Early on in the dinner, a colleague asked the bishop what had led him to adopt the stance and he replied: "One morning a year ago, I was shaving and heard Alexander Haig [then the secretary of State] declare that the U.S. just might have to lob a nuclear weapon at the Soviets to show them we were serious. I realized that he meant it and that something had to be done." As a result, Mahony had moved to the fore in an effort to make the U.S. government accountable for the morality of its words and its actions.
What a difference 20 years makes. Now Cardinal Roger Mahony, having ascended to one of the most visible Catholic seats of authority, has made his name and his office synonymous with resistance to any real accountability on the part of bishops, to their flock or to the public at large.
With his cross-country twin, Cardinal Edward Egan of New York, this prince of the Roman church is engaged in a campaign to retain the centuries-old prerogatives that shield the Catholic hierarchy from oversight. Mahony, Egan and others have been accused of blocking efforts of the lay National Review Board to watchdog the church's handling of its sex-abuse scandals -- scandals that are close to bankrupting some dioceses.
Their resistance led to the intemperate outburst and resignation of the board's head, Frank Keating, a former Oklahoma governor. The incident is a classic example of how bishops, who are supposed to answer to a higher authority, play real-world hardball. They operate in a system innocent of the checks and balances necessary to any just form of government. They keep it that way by equating the welfare of the church's ruling class with the welfare of the church and its people.
Not surprisingly, the way the bishops wield power doesn't always bear scrutiny. They personally control the purse strings of their dioceses, which allows a style of money management that freely fuels Rome's ordained old-boy network. Well-selected patronage can bring with it power, including the power of bishops to promote their own candidates as bishops to follow them.
Not all bishops trade in this coin -- only the ones who crave control and influence, masking it by crowing that "the church is not a democracy." The real principle at work -- "one hand washes the other" -- operates easily in the closed world of the hierarchy. It is a system that cannot reform itself.
As the U.S. bishops gather for another meeting this week in St. Louis, lay Catholics must begin to face the legacy of being left out of any governing role in the church -- not as angrily as Keating, perhaps, but as directly. Their spiritual heritage is in thrall to a ruling class of men who remain contemptuous of giving an account of themselves and their stewardship.
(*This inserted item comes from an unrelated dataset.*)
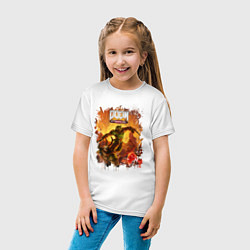 Футболка хлопковая детская DOOM, цвет: белый — фото 2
Until the bishops' influence peddling is uncovered, this ruling class will continue to block meaningful change in the way the Catholic Church governs itself.
Twenty years ago, I admired a young bishop who was making a name for himself by speaking truth to power. On this side of a sad divide caused by the hierarchy's efforts at cover-up and at holding on to its power, I can only hope that someone -- or Someone -- will call the system to account.